Dataset records:

-----

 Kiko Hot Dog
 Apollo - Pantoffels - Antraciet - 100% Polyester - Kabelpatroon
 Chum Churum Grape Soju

-----

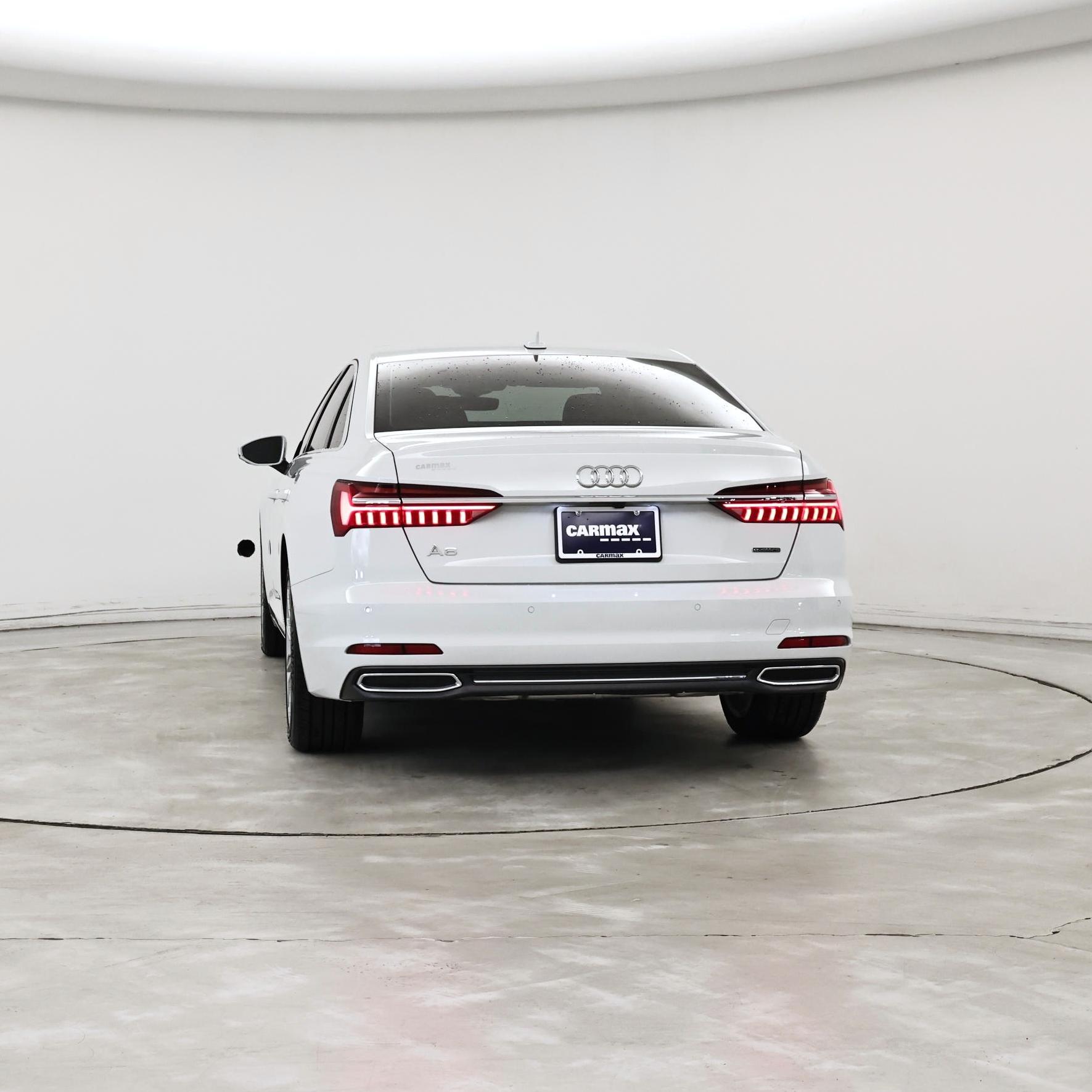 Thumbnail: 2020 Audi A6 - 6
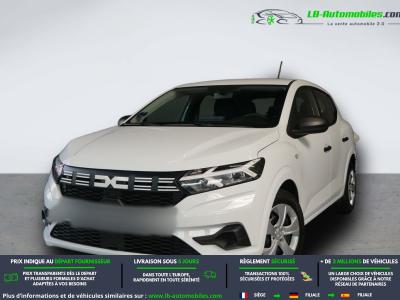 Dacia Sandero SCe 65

-----

Reproduce exactly the lines above from the line with "Kiko Hot Dog" to the line with "Chum Churum Grape Soju", including both, and add nothing.

 Kiko Hot Dog
 Apollo - Pantoffels - Antraciet - 100% Polyester - Kabelpatroon
 Chum Churum Grape Soju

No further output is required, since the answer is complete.